Exercise brief: With the pictures left out, retype exactly the lines below starting at the line that contains "Allen-bradley 1492-fb2c30 Portafusible" and ending at the line that contains "Self service sign icons — Stock Vector".

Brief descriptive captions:
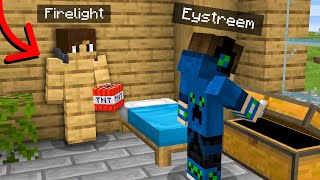 I Secretly Moved into Eystreem’s House in Minecraft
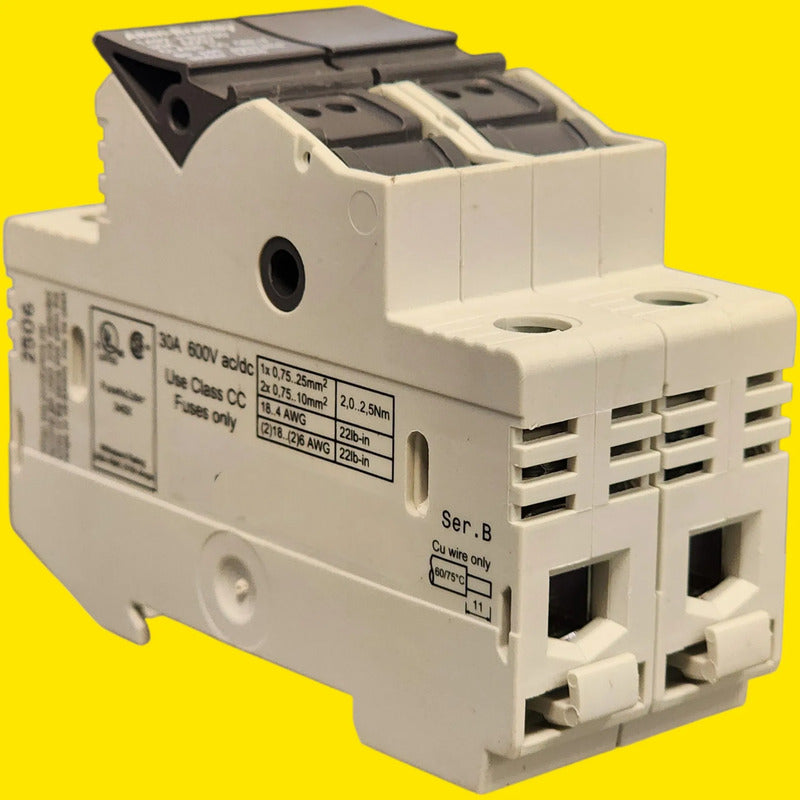 Allen-bradley 1492-fb2c30 Portafusible 2 Polos 30a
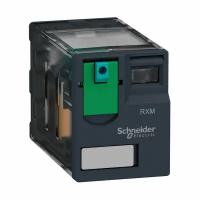 Реле Schneider Electric Zelio Relay RXM2AB1P7 с 2 перекидными контактами 2CO и кнопкой "тест" с напряжением 230В AC, 1шт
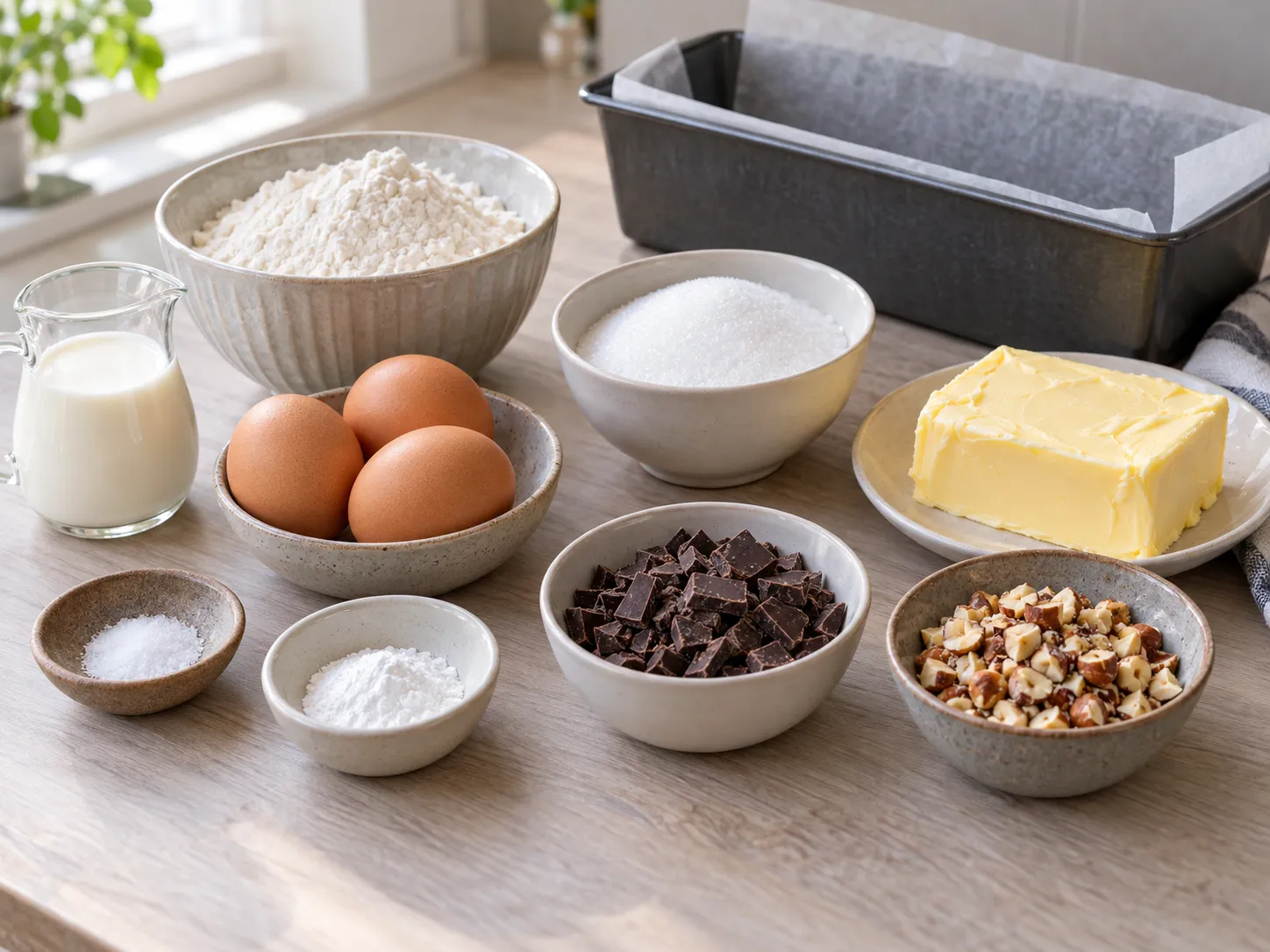 unsalted butter, softened, granulated sugar, large eggs, all-purpose wheat flour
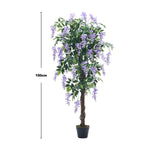 150cm Artificial Realistic Blossom Tree Bean Flower In Pot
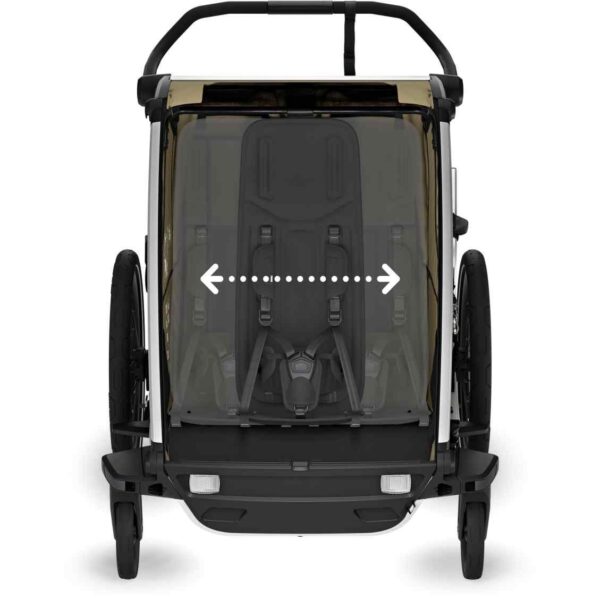 Thule Remorque Vélo pour 2 Enfants - Chariot Cross 2 Double - dark slate – Image 16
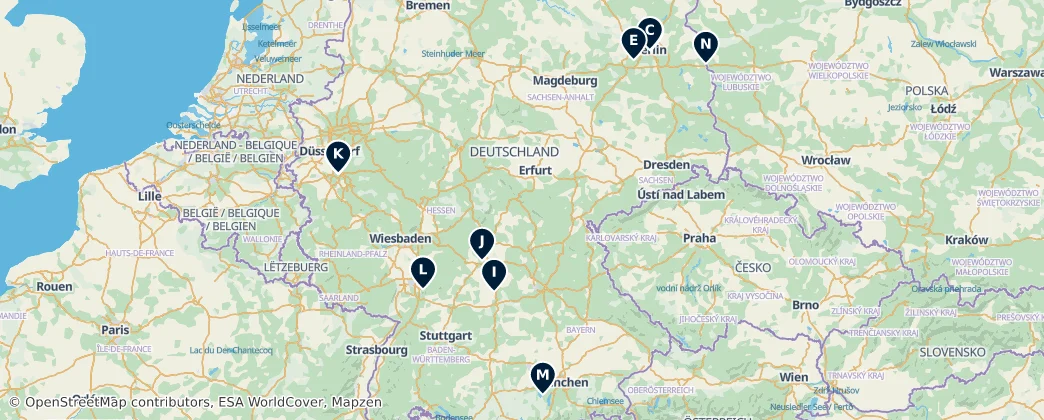 Historic Churches and Places of Worship 지도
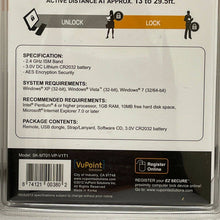 Load image into Gallery viewer, VuPoint 2012 EZ Secure Keychain USB Proximity Computer Lock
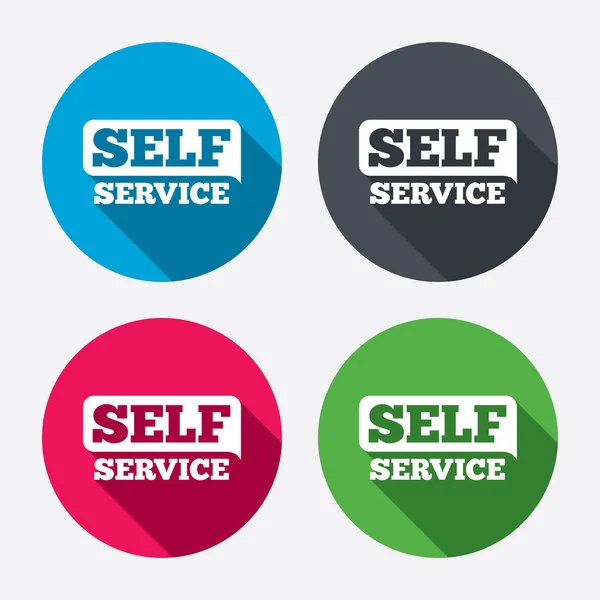 Self service sign icons — Stock Vector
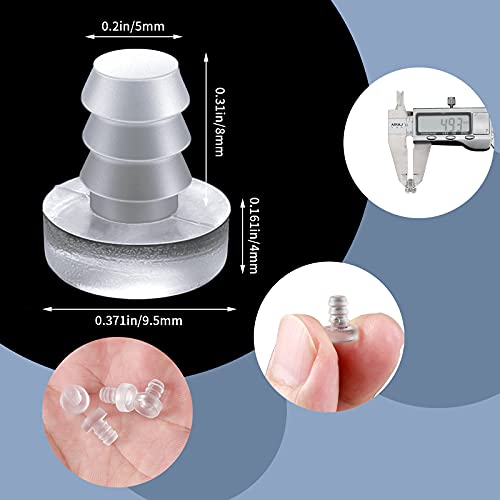 40 Pieces 5 Mm Glass Top Table Bumpers With Stem 3/16 Inch Clear Rubber Glass Table Top Spacers Anti Slip Pads Non Adhesive Glass Table Rubber Grippers For Table Furniture Cabinet #TOP1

Solution to this task:
 Allen-bradley 1492-fb2c30 Portafusible 2 Polos 30a
 Реле Schneider Electric Zelio Relay RXM2AB1P7 с 2 перекидными контактами 2CO и кнопкой "тест" с напряжением 230В AC, 1шт
 unsalted butter, softened, granulated sugar, large eggs, all-purpose wheat flour
 150cm Artificial Realistic Blossom Tree Bean Flower In Pot
 Thule Remorque Vélo pour 2 Enfants - Chariot Cross 2 Double - dark slate – Image 16
 Historic Churches and Places of Worship 지도
 Load image into Gallery viewer, VuPoint 2012 EZ Secure Keychain USB Proximity Computer Lock
 Self service sign icons — Stock Vector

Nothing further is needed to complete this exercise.